I have to be willing to write badly or I never write at all, and then the second draft often is worse . . . shrieking in my head, reminds me that this happens more often than not.
Thank you.
You are so welcome—good words.
Great post. Thanks for sharing
Thank you for reading!
The “shitty-first-drafts” as Anne Lamott puts it!
Helped me a lot.
I will try the idea of ranting on a yellow paper, new age version.
It’s about shoving the nay-sayer out the door one way or another.
wow.
Thank you, thyme.
Reblogged this on Within A Forest Dark and commented:
“I hear my own voice saying each word I type. I do not allow the naysayer to have any voice at all.” —
Thank you!
You’re welcome! Thank you! I appreciated this.
Just the reading I needed :=) Thanks
That is good to hear—I need to remind myself continuously!
The ‘nay-sayer’ allows me to write at least a page or two before I hear it.

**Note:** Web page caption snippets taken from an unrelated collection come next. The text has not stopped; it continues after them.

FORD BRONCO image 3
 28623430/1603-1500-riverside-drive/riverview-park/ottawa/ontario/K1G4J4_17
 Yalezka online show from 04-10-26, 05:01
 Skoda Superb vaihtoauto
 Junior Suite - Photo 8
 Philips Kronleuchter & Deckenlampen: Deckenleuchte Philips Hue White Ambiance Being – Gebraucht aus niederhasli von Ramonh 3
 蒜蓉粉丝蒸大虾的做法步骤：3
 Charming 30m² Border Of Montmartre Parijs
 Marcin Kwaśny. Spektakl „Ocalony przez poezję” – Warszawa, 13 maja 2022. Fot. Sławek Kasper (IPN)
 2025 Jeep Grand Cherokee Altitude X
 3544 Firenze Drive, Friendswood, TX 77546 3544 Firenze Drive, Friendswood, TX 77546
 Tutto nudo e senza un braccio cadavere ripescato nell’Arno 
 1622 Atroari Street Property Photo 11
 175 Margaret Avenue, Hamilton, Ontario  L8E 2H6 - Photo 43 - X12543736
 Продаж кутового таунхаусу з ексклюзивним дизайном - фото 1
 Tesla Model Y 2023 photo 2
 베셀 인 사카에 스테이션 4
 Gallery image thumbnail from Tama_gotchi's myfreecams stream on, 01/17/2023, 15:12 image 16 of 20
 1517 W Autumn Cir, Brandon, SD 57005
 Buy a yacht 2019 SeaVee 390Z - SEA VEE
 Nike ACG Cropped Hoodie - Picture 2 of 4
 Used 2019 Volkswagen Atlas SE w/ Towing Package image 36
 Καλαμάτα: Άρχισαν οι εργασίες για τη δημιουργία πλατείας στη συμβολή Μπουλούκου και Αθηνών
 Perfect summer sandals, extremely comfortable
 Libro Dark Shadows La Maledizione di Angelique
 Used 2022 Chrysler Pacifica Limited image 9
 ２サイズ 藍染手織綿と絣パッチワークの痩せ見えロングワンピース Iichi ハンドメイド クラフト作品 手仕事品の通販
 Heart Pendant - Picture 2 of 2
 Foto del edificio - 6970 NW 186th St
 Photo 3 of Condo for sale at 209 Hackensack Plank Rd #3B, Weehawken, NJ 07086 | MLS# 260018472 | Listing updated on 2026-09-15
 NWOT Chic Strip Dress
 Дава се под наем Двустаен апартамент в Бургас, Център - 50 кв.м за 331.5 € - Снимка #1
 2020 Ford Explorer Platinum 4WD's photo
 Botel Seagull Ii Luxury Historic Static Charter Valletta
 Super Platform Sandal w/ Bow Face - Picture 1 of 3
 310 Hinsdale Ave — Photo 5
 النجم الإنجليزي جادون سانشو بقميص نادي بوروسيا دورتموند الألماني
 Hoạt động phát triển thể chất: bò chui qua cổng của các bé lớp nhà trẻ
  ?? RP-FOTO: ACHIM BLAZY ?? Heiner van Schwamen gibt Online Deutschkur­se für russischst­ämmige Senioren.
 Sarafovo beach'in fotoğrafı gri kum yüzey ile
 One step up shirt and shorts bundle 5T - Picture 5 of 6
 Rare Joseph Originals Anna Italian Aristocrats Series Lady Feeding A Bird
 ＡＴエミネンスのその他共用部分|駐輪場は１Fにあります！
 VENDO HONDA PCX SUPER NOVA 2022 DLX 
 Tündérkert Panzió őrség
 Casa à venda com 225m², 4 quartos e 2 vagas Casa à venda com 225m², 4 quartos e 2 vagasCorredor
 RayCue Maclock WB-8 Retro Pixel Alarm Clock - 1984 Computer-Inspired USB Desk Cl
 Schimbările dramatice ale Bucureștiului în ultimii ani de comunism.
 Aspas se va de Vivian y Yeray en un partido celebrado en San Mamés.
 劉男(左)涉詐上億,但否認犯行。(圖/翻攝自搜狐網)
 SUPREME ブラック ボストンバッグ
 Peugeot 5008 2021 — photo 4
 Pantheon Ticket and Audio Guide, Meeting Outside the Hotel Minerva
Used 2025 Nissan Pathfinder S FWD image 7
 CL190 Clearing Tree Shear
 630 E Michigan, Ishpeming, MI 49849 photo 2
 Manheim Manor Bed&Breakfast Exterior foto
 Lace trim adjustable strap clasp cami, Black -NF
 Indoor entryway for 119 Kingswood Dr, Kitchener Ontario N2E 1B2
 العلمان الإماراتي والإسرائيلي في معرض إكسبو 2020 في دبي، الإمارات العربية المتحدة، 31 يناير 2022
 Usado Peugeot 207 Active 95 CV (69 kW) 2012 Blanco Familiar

How many stories have I ripped up? Maybe your blog will teach me to ignore it in the future.
Thanks
A page at a time will get you there.
Wow…
I couldn’t have found a more perfect time to have read this article.
I have been plagued by this nay-sayer for a long long time. Finally a few days ago I finished writing my first serious blog (atleast I think so) and published it yesterday. It is so gratifying to read that I am not the only one trying to slay this monster. People always talk about good and easy things, nobody admits to the tough times they have been through to reach the good place. So thanks for saying so eloquently what I have said badly. (Feeling super good right now.)
You said it! (And thank you.)
A an individual new to this,this piece really gave me a booster because there is nothing like a tutorial on how to really convey your thoughts to the world.Just be you…Thanks
We’re all in this, up to our necks. 🙂
Thank you!
Love this shift in perspective , , , , just saying, thank you, Claudia
♥ thank you!
good for me
!
This is something you *would* want to tell high school and college students who have writing assignments for any class – writing isn’t just ‘one-and-done’ and stream-of-consciousness writing doesn’t work for people not named Jack Kerouac. Get it on paper first, then get it right.
Absolutely! (It didn’t work for Jack Kerouac either. He revised for four years after that first draft.)
Is that so!? Those literature snobs were trying to put one over on me just because I’m a scientist! I am going to start insulting them for their tastes…
He had been thinking about the book for several years, wrote a draft out in three weeks in April of 1951, and then revised many times before it was eventually published in 1957. The first draft, according to his editors, was unpublishable.